В поисках четвертого Рима. Российские дебаты о переносе столицы - страница 5

Шрифт
Интервал


Но помимо перечисленных прекрасных манифестаций это национальное пространственное бессознательное находит свое выражение и в свойственных ему табу и фобиях, инерционных представлениях, в которых пространство сливается с властью и государственностью, специфических российских концепциях центра и периферии, а также и в недоверии и настороженном отношении к соотечественникам, живущим за пределами России и в коротком для всех без исключения веке, до сих пор существовавшим историческим русским диаспорам. Именно эти, часто бессознательные, пространственные понятия и категории возможно лежат в основе некоторых устойчивых политических представлений и ориентаций, связанных с обсуждением столицы и столичности. Они образуют субстанцию не всегда проговариваемых страхов разьединения и утраты этой территорией своего первородного единства и в поисках новой оси или нового центра, который смог бы остановить возможную утечку этого пространства.

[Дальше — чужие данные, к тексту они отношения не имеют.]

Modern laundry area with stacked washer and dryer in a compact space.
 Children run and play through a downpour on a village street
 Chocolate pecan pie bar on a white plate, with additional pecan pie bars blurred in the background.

Однако избыточность пространственных и околопространственных категорий в русских языках самоописания – как это часто бывает и в других сферах – скрывает некий дефицит, недостаточность и ограниченность самого этого пространства. Русская ширь и даль часто легко сопрягаются с неукорененностью в пространстве, аморфностью и отсутствием внутренней структурированности в самом этом пространстве, бесприютностью человека в его бескрайних пределах. Это пространство еще не вполне обрело свои уникальные голоса, внутреннее тепло, сферическую закругленность обжитой вовлеченности, потенции самоорганизации и возможности имманентного порядка. Порядок привносится в него как бы извне, и само пространство и его организация часто становятся только инструментом государства для утверждения своей власти и целей. Государство производит его передел, дробит его по своему произволу и вторгается в его внутреннее устройство. Биология и телесность этого пространства подчинены геометрии государственных задач и стратегиям его господства. Потому и сама идентичность привносится в это пространство как будто откуда-то извне, в том числе и идентичность самого центра. При этом привнесенная идентичность часто характеризуется неизбежной двойственностью. Такую двойственность мы видим в языках российских географических и исторических самоаттестаций – Скандовизантия, Славянотатария, Евразия.